Anna Halprin

Au milieu des années quarante, une femme, alors chorégraphe et danseuse soliste chez Doris Humphrey, quitte New York pour s’installer sur la côte ouest des Etats-Unis, et débute l’une des aventures artistiques les plus radicales et les plus fécondes du XX° siècle, dont les effets continuent  aujourd’hui à irriguer de nombreux champs artistiques.


Dans ses ateliers d’été se rencontrent des artistes tels qu’Yvonne Rainer, Trisha Brown, Simone Forti, Robert Morris et bien d’autres, qui vont pratiquer notamment les célèbres « tâches », concept novateur qui fait entrer les gestes du quotidien dans le champ de la danse et qui influencera de façon déterminante la danse post-moderne américaine.


Nourrie par les approches de Moshe Feldenkraïs et du gestalt-thérapeute Fritz Perls, par les théories du Bauhaus, par la philosophie humaniste et pragmatique de John Dewey, Anna Halprin n’a de cesse d’explorer, de développer et d’encourager le processus même de création, notamment collective. Elle propose des modes d’exploration et de composition multiples, adressés à tous.

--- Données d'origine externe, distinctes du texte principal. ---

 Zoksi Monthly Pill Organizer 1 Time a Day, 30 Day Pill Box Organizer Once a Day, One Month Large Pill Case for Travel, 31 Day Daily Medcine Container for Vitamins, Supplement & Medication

Basés sur une approche holistique de l’individu, ils mettent le mouvement humain, dans sa dimension fonctionnelle, émotionnelle et imaginaire, au cœur du processus de transformation.

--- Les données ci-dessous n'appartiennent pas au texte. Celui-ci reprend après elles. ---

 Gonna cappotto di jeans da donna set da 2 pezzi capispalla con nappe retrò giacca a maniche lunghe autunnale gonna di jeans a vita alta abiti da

« Je dis que faire, mais pas comment le faire, sinon pour moi c’est du fascisme; dire que faire apporte des limites et, plus vous apportez de contraintes, plus vous devez aller loin pour conquérir votre matériel et réaliser vos tâches, alors que ne pas dire comment le faire laisse toute liberté à chacun pour trouver son propre langage. »

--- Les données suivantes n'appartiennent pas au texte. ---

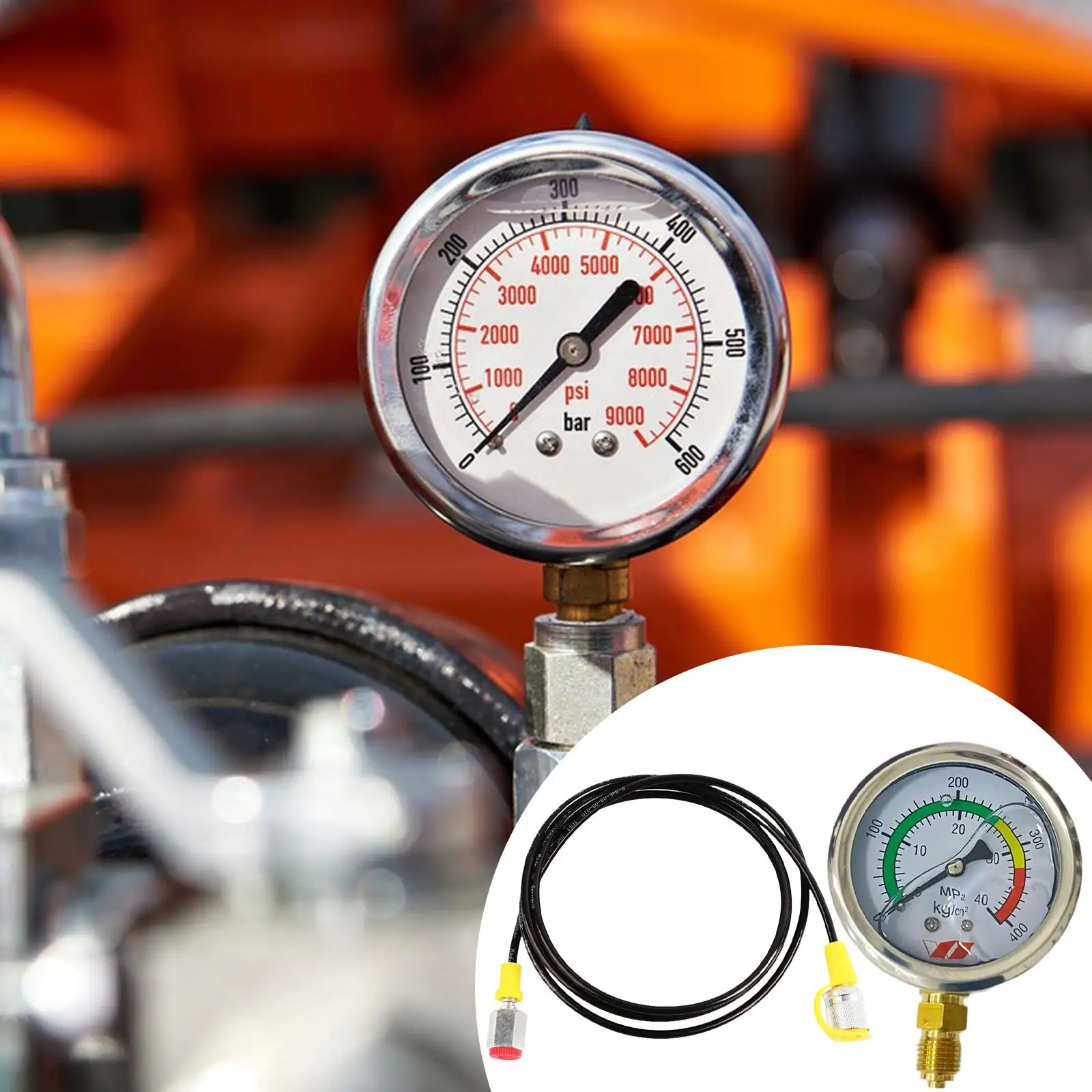 M16*2‐BSP1/4 with Gauge Fitting High Performance Premium Hydraulic Test Hose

Anna Halprin se livre à une remise en cause incessante des modes de penser et d’agir, des normes et des frontières esthétiques et politiques en s’appuyant sur l’usage des scores (partitions), la création collective, l’improvisation et les expérimentations en milieu naturel, l’implication dans les mouvements de contestation des années 60, et le travail au long cours avec des gens malades du sida ou du cancer.

 

Créatrice en 1955 du San Francisco Dancers' Workshop, Anna Halprin  initie des collaborations fructueuses avec des artistes de toutes disciplines : de nombreux danseurs et chorégraphes, bien sûr, mais également avec Lawrence Halprin, son mari, architecte et paysagiste, avec des musiciens et compositeurs, notamment La Monte Young et Terry Riley (qui seront co-directeurs artistiques de sa compagnie et inventeront chez elle les débuts de la musique minimaliste et répétitive) et Luciano Berio (avec qui elle crée Esposizione en 1963 à la Fenice de Venise), avec des poètes, James Broughton, Allen Ginsberg, ainsi que des peintres, et des sculpteurs.

 

Elle crée de nombreuses pièces qui mettent en jeu des thématiques et des processus inédits, sur des modes à chaque fois renouvelés, fruits de plusieurs années de recherches :

Birds of America (1960), Four-Legged-Stool (1962), Exposizione (1963), Parades and Changes (1965-67), Apartment 6 (1965), Myths (1967-68), Citydance (1976-77), Ceremony of Us (1969), Animal Ritual (1971)

 

A partir de 1971, sa confrontation avec le cancer l’amène à modifier radicalement son rapport à l’art, et à consacrer celui-ci « à la vie », en mettant ses processus créatifs au service de gens atteints de maladies graves.

Elle crée alors  Circle the Earth (1986-1991), The Planetary Dance (1987- ), Carry me Home (1990), Intensive Care  (2000).


Elle continue aujourd’hui, à 90 ans, à danser, créer et enseigner.

Sa dernière pièce, Seniors Rocking, met en jeu cinquante personnes âgées de plus de 80 ans.